Limit Up is a 1989 comedy film starring Nancy Allen as Chicago commodities trader Casey Falls. The film was directed by Richard Martini and produced by Jonathan D. Krane. It was filmed through Chicago and prominently features scenes at the Chicago Board of Trade and Wrigley Field.

Rance Howard, Dean Stockwell, blues icon Ray Charles and Saturday Night Live alumni Danitra Vance and Brad Hall round out the cast. Additionally, actress Sally Kellerman makes a cameo appearance as a nightclub singer. John Tesh scored the film.

==Plot==
Casey Falls works as a runner at the Board of Trade for a ruthless commodities broker, Peter Oak. It is her ambition to someday become a top trader herself, but Oak condescendingly insists that Casey will never make the grade.

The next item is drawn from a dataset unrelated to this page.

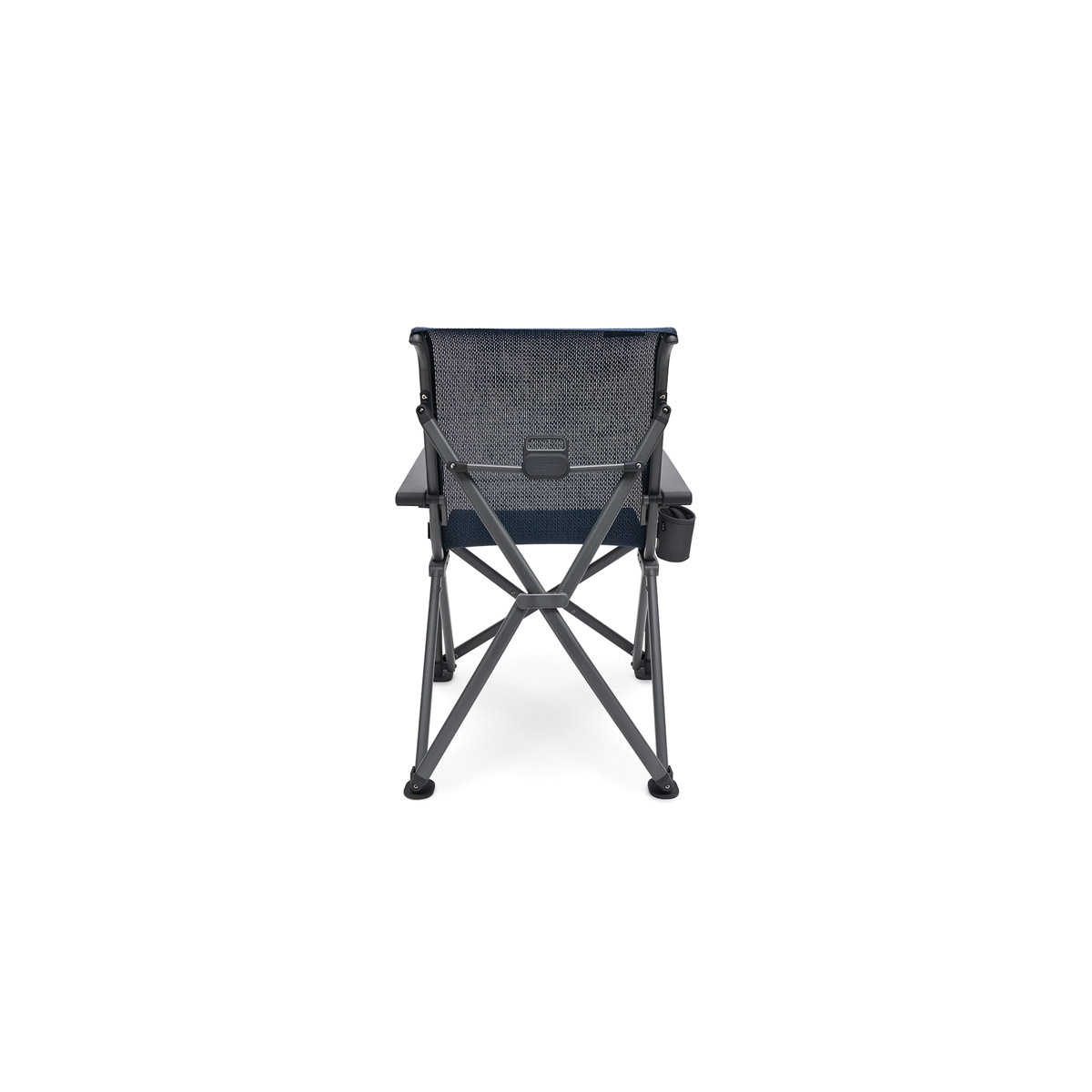 Yeti Trailhead Series 26010000042 Camp Chair, 25-1/8 in W, 29-7/8 in D, 36-1/4 in H, Aluminum Frame, Navy Blue Frame - 5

Upset at the lack of opportunities for women, Casey is visited by a spirit, Nike, who angelically gives her tips that result in Casey making millions of dollars for traders like Marty Callahan and Chuck Feeney. In love with her, Marty helps arrange it so that Casey becomes a licensed trader. Her gal pal, (Andy Lincoln) supports Casey's quest to succeed. Before long, with Nike's can't-miss advice, Casey becomes one of the wealthiest women in the business.

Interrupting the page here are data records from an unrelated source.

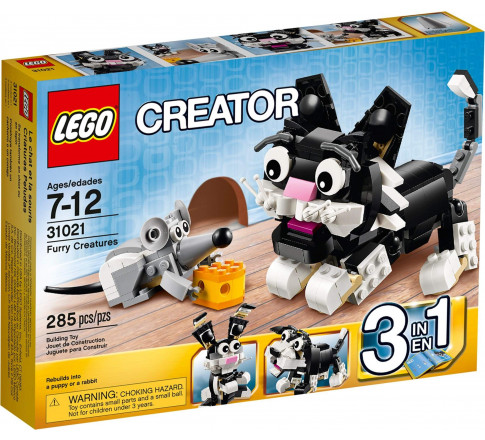 Lego Creator 31021 - Mô Hình Mèo Con 3-Trong-1 | Pplay.Vn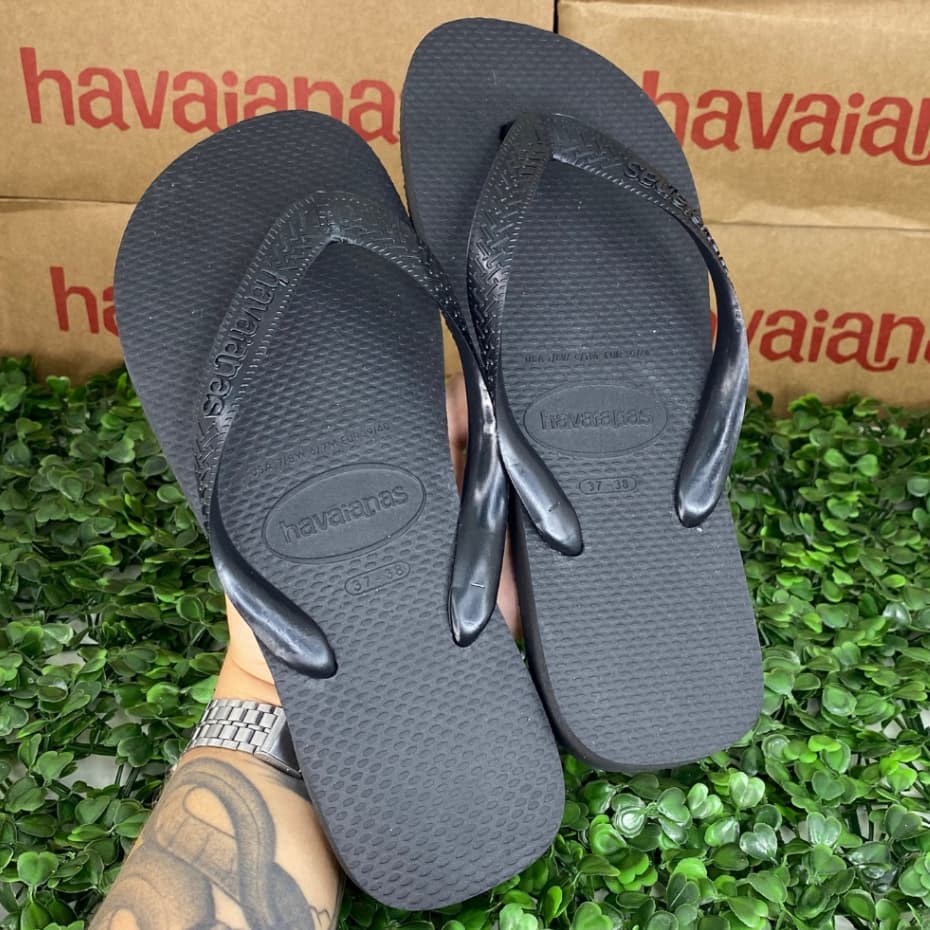 Chinelo Havaianas Top Adulto Original Básico Casual Dia a Dia Conforto Unissex Oficial Tendencia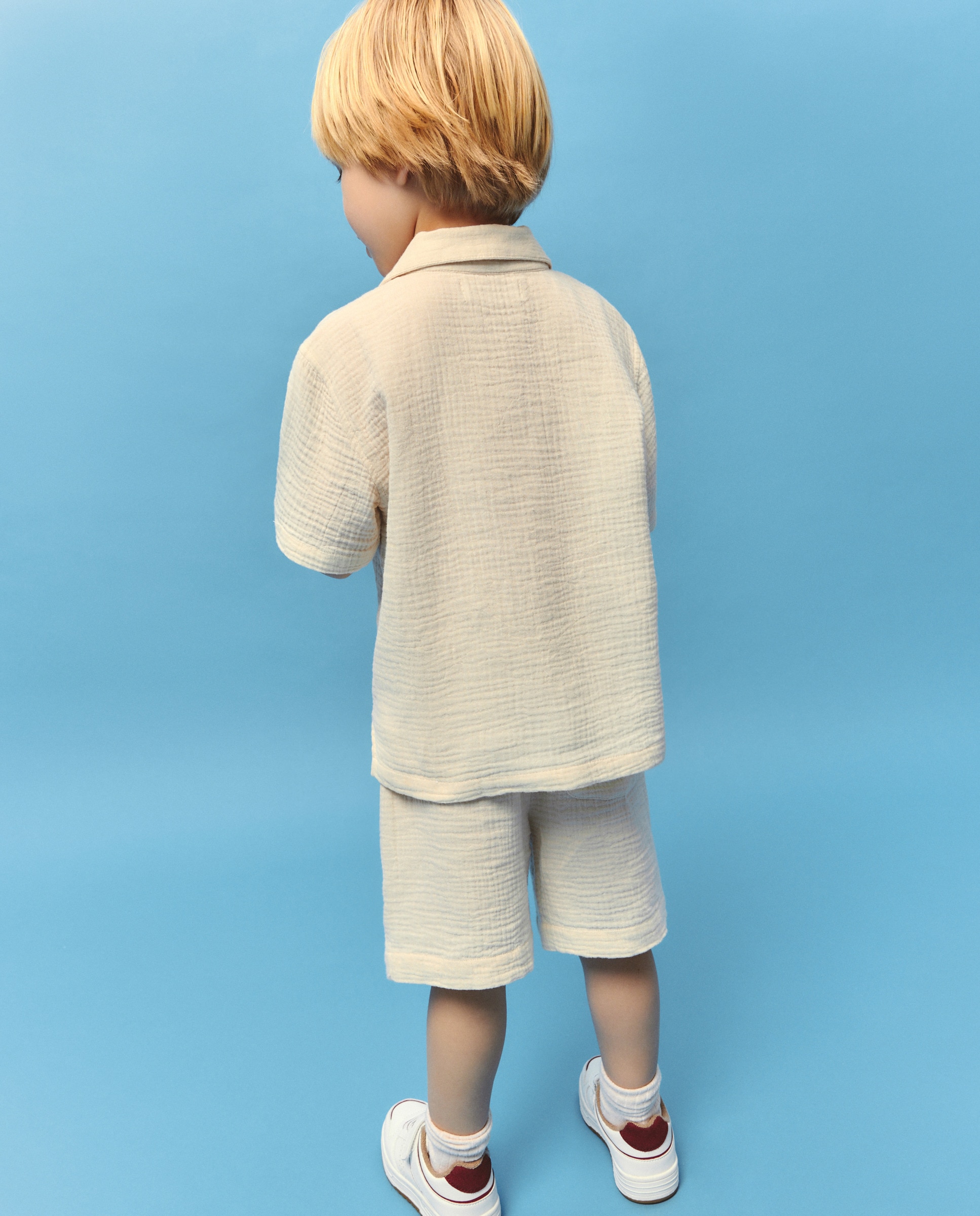 Bermudas Lisas 120 Cru-4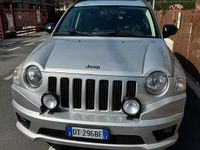 Usata Jeep Compass Limited 140 CV (102 kW) 2009 Grigio SUV
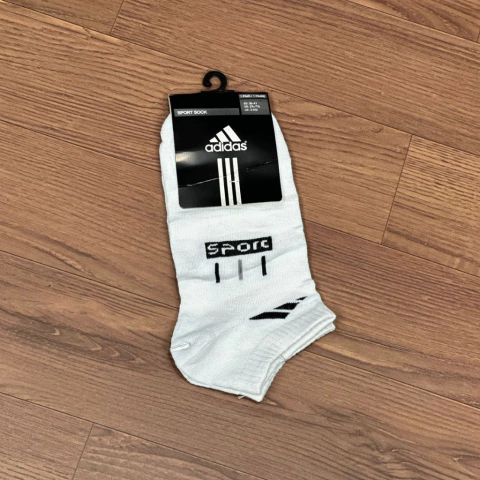 Meia ADID Cano Curto #105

However, her attitude changes when Nike abruptly goes from angel to devil and decides to coax Casey into monopolizing world markets and earning so much money that it will wreck the economy of others around the globe. Casey openly rebels, with the help of Marty and a street musician, Julius, who is not what he seems.

==Cast==
- Nancy Allen as Casey Falls
- Dean Stockwell as Peter Oak
- Brad Hall as Marty Callahan
- Danitra Vance as Nike
- Ray Charles as Julius
- Rance Howard as Chuck Feeney
- Sandra Bogan as Andy Lincoln
- William J. Wolf as Rusty
- Ava Fabian as Sasha
- Robbie Martini as Oak's Assistant
- Teressa Ovetta Burrell as Clerk
- Winifred Freedman as Pit Recorder
- Luana Anders as Teacher
- Richard Martini as Student
- Kellie Joy Beals as Reporter
- Nicky Blair as Maitre d'
- Force MDs as Band
- Sally Kellerman as Nightclub Singer

==Critical response==
The lighthearted romp received a B+ from Entertainment Weekly: "Splendid with good cast, good script, tidy direction" and "Nancy Allen is particularly delightful."[1] TV Guide noted that director Martini succeeds "in making the commodity-market scenes comprehensible for the layman." The St. Paul Pioneer Press said Limit Up "can't be faulted for enthusiasm or moxie" and its "strong equality-of-women-in-the-workplace message is welcome". Dually, The Chicago Tribune was less complimentary: "the picture is as spunky and good-natured as all get out, but in the absence of any original or substantial ideas, its spunk soon grates." In his Chicago Sun-Times review of Nov. 3, 1989, Roger Ebert described the film as "witless from one end to another" as well as "lame-brained and cornball".